Control has a different meaning at the plant floor than at the executive level. As an important component in RPM at the operations level, the function of control is to recognize deviations from the target and make corrections to the process in real-time. The objective at the plant level is to make this action as automated as possible. Often a specific automated control function can be identified as the key component for a specific KPI. For example, a KPI for quality may be managed by a single control loop. In more complex production, however, the control function may be a combination of human procedures and automated equipment.
An integral part of determining the proper real-time response to changing operational conditions is an analysis of the business impact. Analysis may be as simple as recognizing that the situation has changed and the response may be obvious.
Analysis in the context of RPM means questioning the status quo. Just because a response to a change worked in the past, it might not be the proper response in light of the latest business situation. For example, a product may not make the profit expected if sustained operation in the current range causes production faults (e.g., catalyst deactivation, premature equipment failure, etc.).

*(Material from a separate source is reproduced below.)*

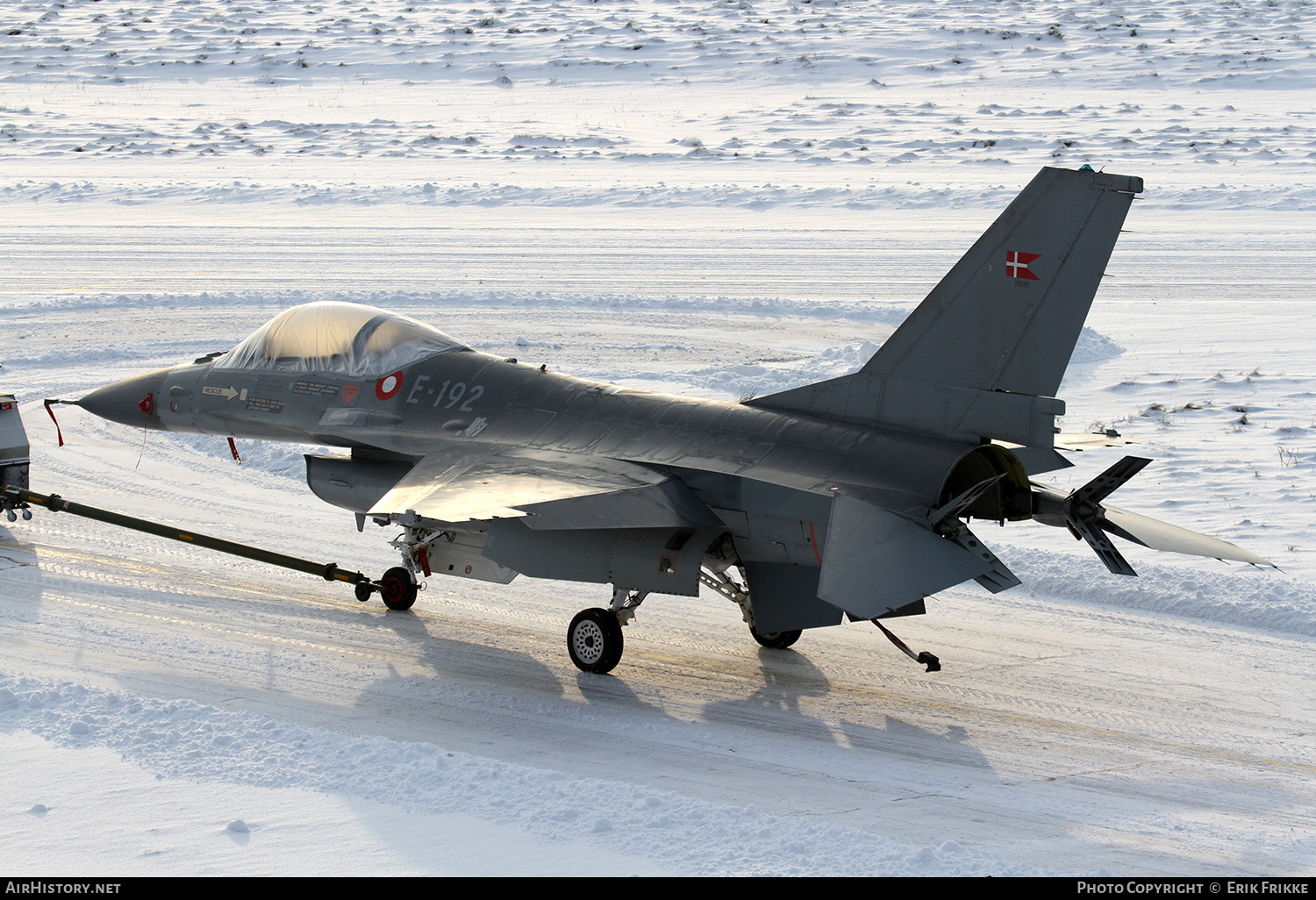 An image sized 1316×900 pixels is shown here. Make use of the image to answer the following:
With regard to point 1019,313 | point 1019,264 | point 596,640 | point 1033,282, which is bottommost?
point 596,640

Another critical component that is often overlooked is the prediction of where performance is headed. In operations, it is very important to know when you make a correction that it will take you in a direction that improves performance. For some operations to accomplish this, complex models that are often also used to optimize the process will be required. Sometimes the prediction can be implemented with simple mathematics. In all cases, it must result in a reasonably correct indication or operators will stop relying on it as a guide.
Knowledge in the RPM context is both human expertise as well as the captured knowledge in automated and semi-automated processes. Often the best production run can be directly linked to the best operators or workers on duty at the time. Knowledge and analysis of that knowledge are key components to moving ever closer to the goal of operational excellence.
Dynamism continues to increase in virtually all industry sectors. In the food and beverage industry, the need for RPM has never been greater. Globalization, consolidation, customization, RFID and the rapid growth of big box retailers are clear indicators that traditional modes of operation will no longer suffice. Adopting an RPM strategy and supporting infrastructure will be critical to maintaining a competitive edge in the years to come.